EXPOSÉ GÉNÉRAL
I. LA CONCURRENCE FISCALE ET L'OPTIMISATION FISCALE ABUSIVE ENTRAÎNENT UNE DISTORSION DE LA FISCALITÉ QUI A DES EFFETS INDÉSIRABLES CE DONT TÉMOIGNE EN PARTIE LA PRÉSENTE PROPOSITION DE LOI
A. LES EFFETS PERNICIEUX DE LA CONCURRENCE FISCALE SUR LA STRUCTURE DES PRÉLÈVEMENTS OBLIGATOIRES...
En dehors de son incidence première, qui est de créer une érosion financière dommageable, la concurrence fiscale a des effets asymétriques sur les assiettes fiscales qui entraînent une distorsion sourde et regrettable de la structure des prélèvements obligatoires.
Les bases fiscales les plus mobiles exploitent les écarts de taux d'imposition effectifs et ce processus est également à l'oeuvre dans les pratiques d'évasion fiscale internationale qui visent à distraire les revenus des aires de souveraineté fiscale où ils sont engendrés par des montages de nature très diversifiée (juridique, financière, commerciale ...).
Le poids de la fiscalité est alors reporté sur les assiettes fiscales les plus inertes. Les revenus des PME sont ainsi plus taxés que ceux des grandes entreprises. Il en va de même pour les particuliers, le taux d'imposition effectif moyen des revenus les plus élevés étant souvent inférieur à celui des revenus intermédiaires.
Par ailleurs, la tentation existe de recourir davantage aux impositions indirectes et autres accises dès lors que les prélèvements directs sur les revenus peuvent être éludés ou, tout simplement, hors de portée des pays qui subissent l'évasion fiscale internationale.
La présente proposition de loi offre un exemple de cette recomposition fiscale puisqu'aussi bien les trois taxes qu'elle crée relèvent toutes de la fiscalité indirecte, le dispositif de la proposition de loi ne touchant rien de la fiscalité des bénéfices des entreprises, pour des raisons qui relèvent en large partie de la nécessité.
Or, ce glissement fiscal a des conséquences indésirables.
Il a des effets inflationnistes qui sont d'autant moins désirables que la politique monétaire est trop souvent aveugle aux distinctions entre l'inflation sous-jacente (celle qui témoigne de tensions sur les marchés de facteurs ou de biens) et l'inflation apparente.

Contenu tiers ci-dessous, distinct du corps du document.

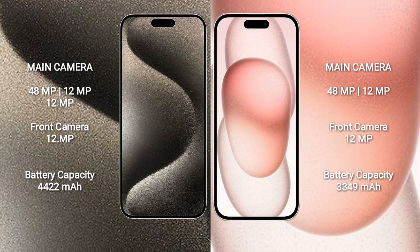iPhone 15 Pro Max features a triple camera setup: 48MP plus 12MP plus 12MP, with a 12MP front camera. iPhone 15 features a dual camera setup: 48MP plus 12MP, with a 12MP front camera.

En outre, il ampute le pouvoir d'achat des ménages ce qui peut affaiblir l'un des moteurs principaux de la croissance - la demande intérieure - et, compte tenu des effets différenciés, selon le niveau des revenus, de l'inflation sur le pouvoir d'achat des ménages, accroît les inégalités.
La rupture des équilibres fiscaux qui s'inscrit dans ce contexte est encore amplifiée par la disjonction entre le système de prélèvements et les capacités contributives des agents qui résulte de « l'exemption fiscale de fait » des bénéfices des entreprises, au niveau de celles-ci mais aussi, potentiellement, quand les dividendes sont distribués.

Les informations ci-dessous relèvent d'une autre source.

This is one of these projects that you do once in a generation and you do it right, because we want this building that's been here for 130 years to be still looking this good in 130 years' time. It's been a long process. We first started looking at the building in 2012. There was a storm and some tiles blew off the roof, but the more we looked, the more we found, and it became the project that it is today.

Ce n'est pas à dire que la neutralité fiscale ne puisse justifier une mise à niveau des prélèvements sur les biens et services de l'économie numérique. Mais, force est de rétablir des priorités d'action fiscale qui devrait s'attacher à préserver l'équilibre d'un système de prélèvement équitable.
De ce point de vue, toute législation fiscale visant à corriger des déséquilibres partiels a des effets ambigus.
D'un côté, elle rapproche de la neutralité fiscale ; de l'autre, elle en éloigne, puisqu'elle intègre à sa logique les « trous noirs » du système fiscal.